Unlike in Delaware, control of the Senate will not be determined by this upset, but it is no less shocking: Carl Paladino, a heretofore obscure Buffalo businessman, has toppled prohibitive favorite former Rep. Rick Lazio for the New York Republican gubernatorial nomination.
Paladino's victory sends the same message, though, as Christine O'Donnell's upset victory in the Delaware Senate race: previous political experience is a liability, rather than an asset in Republican primaries this year, and harsh fiscal conservatism is the ticket to victory.
"If we've learned anything tonight, it is that New Yorkers are mad as hell," declared Paladino to raucus cheers at his victory celebration. "And we're not going to take it anymore!" Paladino went on to deride his Democratic opponent Attorney General Andrew Cuomo, who holds a significant lead in every poll taken to date, as a liberal and a government insider who only offers "status Cuomo." (The punchline sounded oddly out of place in the middle of dour conservative bromides issued in Paladino's hoarse, edgy tone.)

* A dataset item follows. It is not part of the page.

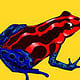 Poison Dart Frog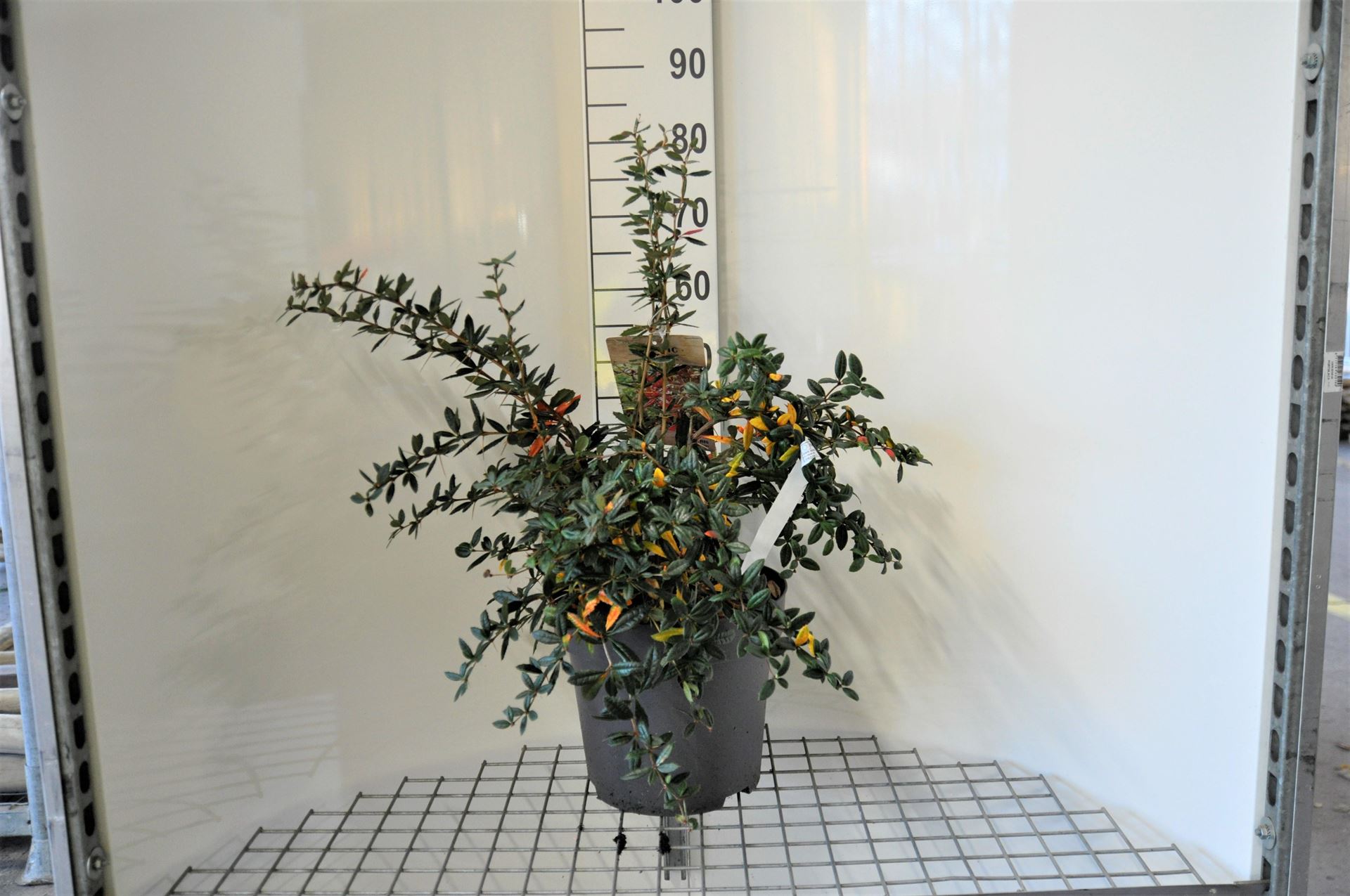 Berberis julianae - pot 12L - 60-80 cm afbeelding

"The ruling class knows -- they've seen it now -- there's a people's revolution," Paladino continued. His speech, inveighing against "the liberal elite," and reiterating his, and his supporters' anger, is an unusual message in New York politics. This is a state where Democrats outnumber Republicans 5-3, and the rare Republican who finds statewide success tends to come from the mild-mannered tradition of moderate Northeastern Yankee Republicanism.
Paladino, a lawyer and real estate developer, entered the governor's race as a major underdog. At the state Republican convention he only drew support from delegates from his geographic corner of the state. He forced his way onto the ballot by petition with canvassers who amassed tens of thousands of signatures. Paladino feuded with state party chairman Ed Cox, while Lazio, the former congressman from Long Island who lost to Hillary Clinton for Senate in 2000, was the party's frontrunner. But Paladino recently gained momentum through his rigidly fiscal conservatism -- he promises to cut state taxes by 10 percent and state spending by twice that much -- and open appeals to the Tea Party movement (which he thanked by name in his victory address).
Like O'Donnell, Paladino, in addition to having no experience in elected office, had some some history that might have given his conservative supporters pause. Paladino was a registered Democrat until 2005. He had a child outside of his 40-year marriage. And he has made some very strange policy suggestions, such as putting welfare recipients in prison to learn "personal hygiene." Admittedly, New York state Republicans are generally fond of prisons and not so fond of welfare recipients, so perhaps that did not hurt Paladino in the primary. What you would expect to hurt Paladino, considering his positioning as an outsider to state politics and a dedicated conservative, is the New York Times' recent revelation that Paladino has quietly funneled hundreds of thousands of dollars to a variety of state and local candidates in recent years, including officials with the ability to impact his business. And some of them, such as Elliot Spitzer, were Democrats.
But no. New York Republicans, fed up with years of corrupt and incompetent state government, were not looking for sobriety, much less consistency. They wanted to repudiate the party establishment and its leading figures, such as former Governor George Pataki and former Mayor Rudy Giuliani, who endorsed Lazio. They did. You can be sure that they will come out in force for Paladino this Fall. Will it be enough to overcome Cuomo? That's very unlikely. But this year, it seems, anything is possible.